One of the biggest surprises I have found in my time in Colombia has been the food. I don’t mean I was surprised by the quality – I was excited by the variety of fish and fruit I knew would be on offer, and I was told by a reliable source that the meat here surpassed Argentina’s in quality. Every meal I’ve had here has been great quality, so I haven’t been disappointed.

The Bandeja Paisa: Too Big For Your Camera


What surprised me, in fact, is the sheer quantity of food that you get here in Colombia. Most meals, especially in traditional restaurants, seem to come with a generous portion of soup followed by a more than substantial main dish. Frankly, most meals I’ve had have been too much for my flimsy European stomach and I end up leaving half my plate, staring longingly at it and wishing I had more room to keep eating. My Colombian friends, however, often complain that they could eat more…

So imagine my surprise when, in Paisa country (which includes the Coffee Triangle, Medellín, and the whole Antioquia area), I was told of a dish that even some Colombians considered extravagant in size. It was a meal so big that I was told I’d probably need a few hours to rest afterwards; so huge that I’d need a siesta afterwards. Some people might be excited to learn this – I was scared. The meal in question is the Bandeja Paisa, meal generally served on several dishes or a platter sized plate in order to accommodate all the food that you’ll be eating.

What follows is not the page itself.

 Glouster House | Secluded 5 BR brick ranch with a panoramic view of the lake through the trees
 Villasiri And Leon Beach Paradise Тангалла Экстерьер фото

So on a Colombian tour, I sat down in a roadside restaurant with 3 friends, we took a token glance at the menu and ordered ourselves 3 1/2 Bandeja Paisas (I was the one with the half portion). When the food came I saw what all the fuss was about. This to me was a meal of gargantuan proportions and, frankly, I felt full just looking at it.

Each mouthful, though, was a treat. Pulling off the meat from the chichorron while spooning a mouthful of rice and beans into my mouth was an absolute pleasure, I only wish that I had the stomach of a Colombian and could manage to eat my entire half-portion. It was no use, however, and my determination was in vein. That familiar feeling returned: I was absolutely full with a decent amount of my meal left over. I sat, staring longingly once again at my meal, unable to eat more. Of course my Colombian friends lapped it up, finally satisfied that they’d eaten a decent-sized meal. I’ve been here a while now and I still can’t understand where all that food goes.

So if you’re very hungry or very brave, in the Paisa region of Colombia you’ll find plenty of traditional restaurants serving this very Colombian dish. It’s usually modestly priced considering the sheer quantity of the thing and even if you don’t finish it, you’re sure to enjoy trying.